▶ **Task description**
Nothing but an exact copy is asked for: the lines in the material below from the one with "Ein Porträt von" through the one with "Bir zamanların viral", pictures excluded.

▶ **Material provided**
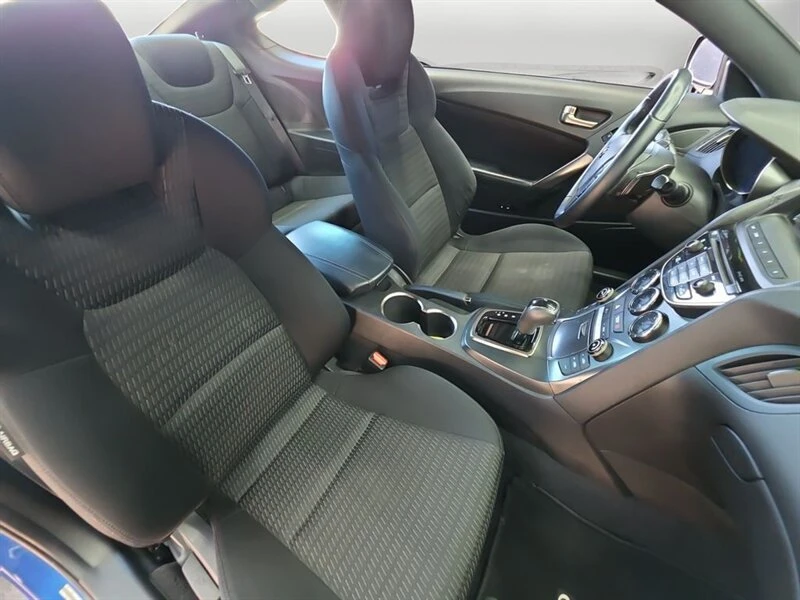 2015 Hyundai Genesis Coupe - Image 16 of 20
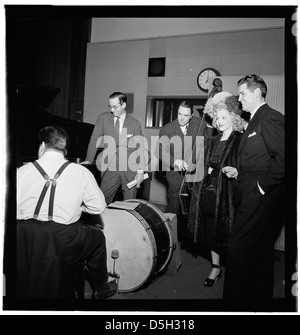 Ein Porträt von Bob Haggart, Marion Hutton und Gordon MacRae, aufgenommen zwischen 1946 und 1948 in New York. Dieses Bild zeigt diese prominenten Persönlichkeiten der amerikanischen Musik- und Unterhaltungsindustrie. Stockfoto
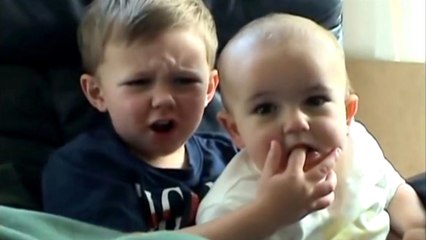 Bir zamanların viral videosu 'Charlie parmağımı ısırdı' NFT ile satışa çıkarılacak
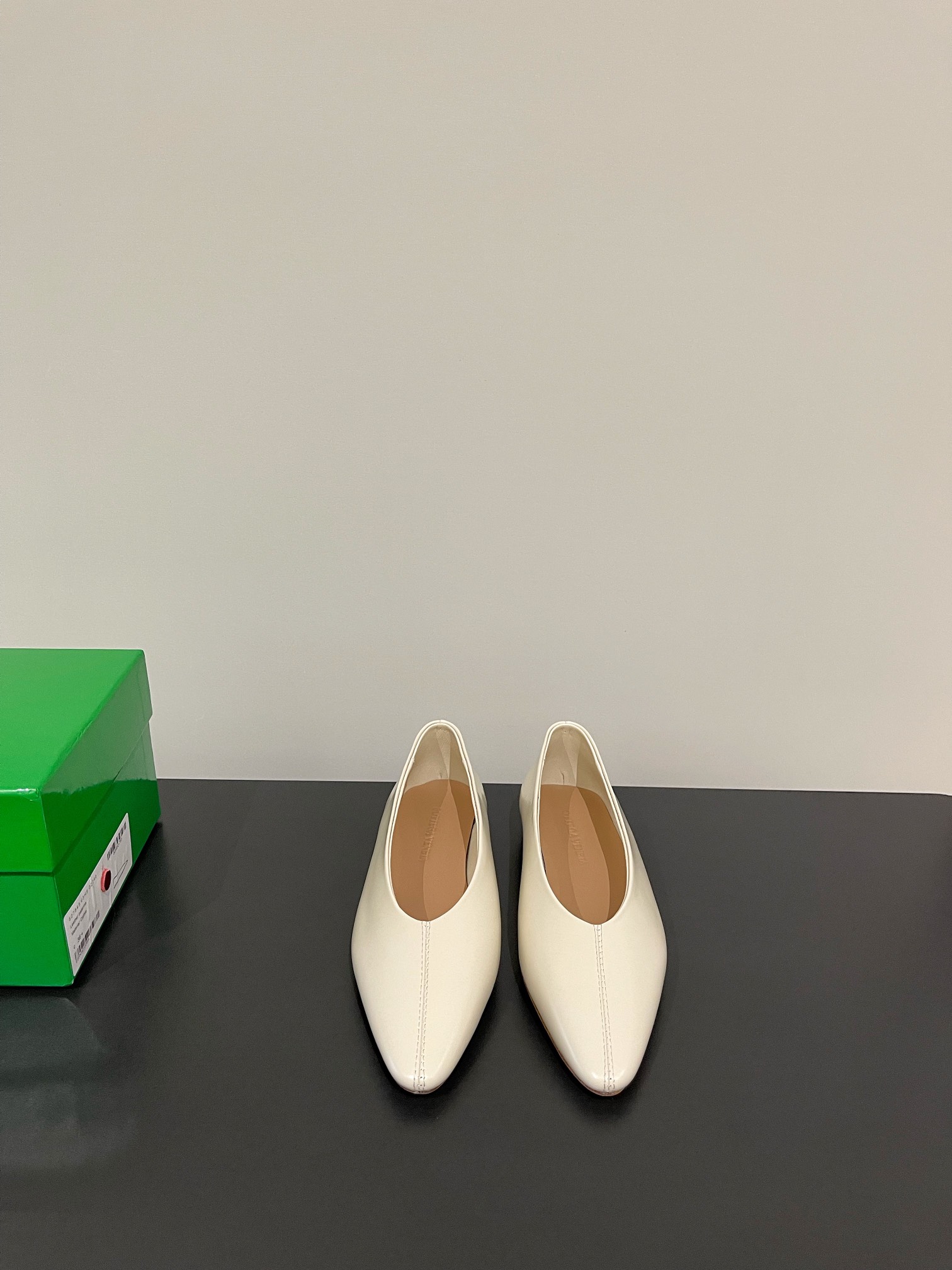 NO:266124,(Top version) Bottega Venet* ——————————————————————————————————— The latest Sofia series of BV Ballet Shoes Bottega Veneta ballet shoes Redefine the elegance of modern women’s toes with the iconic minimalist silhouette and the brand’s low-key aesthetics. The shoe body is made of flexible lambskin, which feels as delicate as a cloud, and it fits the foot shape while giving a lightweight dressing experience. The toe is round and smooth, which not only retains the classical romance of ballet shoes, but also injects the unique modern genes of BV. The lambskin inside is both combo and takes into account all-weather comfort, while the genuine leather injection-molded anti-slip sole makes the elegance and practicality perfectly balanced.  Whether it is paired with wide-leg pants to create a lazy French style, or dancing with a skirt to highlight the daily elegance, these shoes can all become a low-key and luxurious style footnote.**BV ballet shoes** - use silent luxury to tell the wearer's taste and style. / About the material./ FABRIC CONTENT Fabric: Original custom lambskin Inner: Imported sheepskin Sole: Original open mold genuine leather injection molding outsole Size: 35-41 (40/41 custom made without return or exchange), single shoes, bottega veneta, bottega veneta, bottega veneta, bottega veneta, skirts, sheepskin19860909（顶级版本） Bottega Venet*  —————————————— 葆蝶家BV最新款Sofia系列 芭蕾舞鞋 以意大利顶级工艺为灵魂,Bottega Veneta芭蕾舞鞋重新定义了现代女性的足尖优雅.标志性的极简廓形搭配品牌低调美学,鞋身采用柔韧小羊皮打造,触感如云朵般细腻,贴合脚型的同时赋予步履轻盈的穿着体验.鞋头圆润流畅,既保留芭蕾舞鞋的古典浪漫,又注入BV独有的摩登基因.内里小羊皮、兼顾全天候舒适度,而真皮注塑防滑鞋底则让优雅与实用完美平衡.  无论是搭配阔腿裤营造慵懒法式风情,还是与裙装共舞点亮日常精致,这双鞋皆能成为低调奢华的风格注脚.**BV芭蕾舞鞋**——以无声的奢华,诉说穿着者的品味与格调.  . /关于材质./ FABRIC CONTENT 面料 : 原版定制小羊皮 内里 : 进口羊皮 鞋底 : 原版开模真皮注塑大底 Size : 35-41（40/41订做不退换）,单鞋,bottega veneta,bottega veneta,bottega veneta,skirts,sheepskin,Women's Shoes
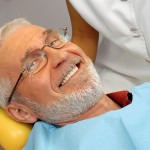I programmi di screening nella diagnosi precoce e la prevenzione dei tumori orali Paziente al dentista rialzo seno mascellare
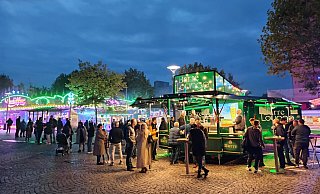Vor dem Bürgerhaus konnte noch gemütlich ein Abschlussgetränk eingenommen werden. - Kerstin Tirre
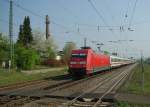 Kurz darauf kam ein weiterer umgeleiteter IC mit 101 009-9 als Zuglok aus Richtung Gttingen auf Kasse. Aufgenommen am 21.04.2011 in Eichenberg.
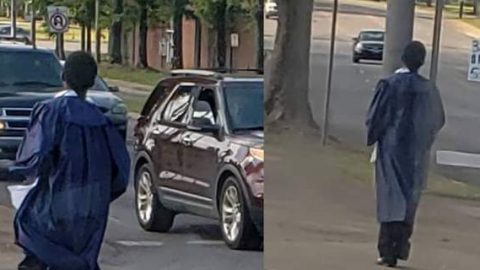 Ο μαθητής που έγινε viral -Πήγε στην αποφοίτηση με τα πόδια, του πήραν δώρο αυτοκίνητο (εικόνες)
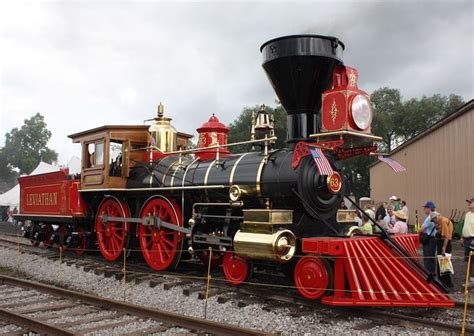 old train with gold trim - Google Search | Tren, Imagenes de trenes, Trenes viejos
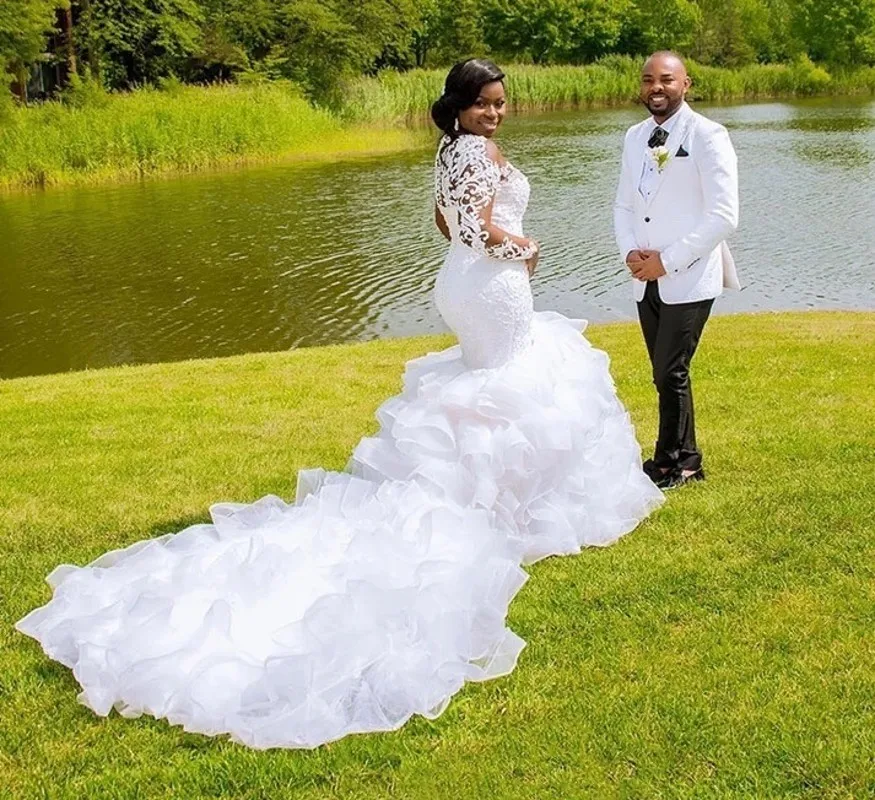 Robes de mariée sirène africaines personnalisées pour la mariée, appliques en dentelle Scoop, volants en organza, patients, quelle que soit la robe, 2025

▶ **Answer box**
 Ein Porträt von Bob Haggart, Marion Hutton und Gordon MacRae, aufgenommen zwischen 1946 und 1948 in New York. Dieses Bild zeigt diese prominenten Persönlichkeiten der amerikanischen Musik- und Unterhaltungsindustrie. Stockfoto
 Bir zamanların viral videosu 'Charlie parmağımı ısırdı' NFT ile satışa çıkarılacak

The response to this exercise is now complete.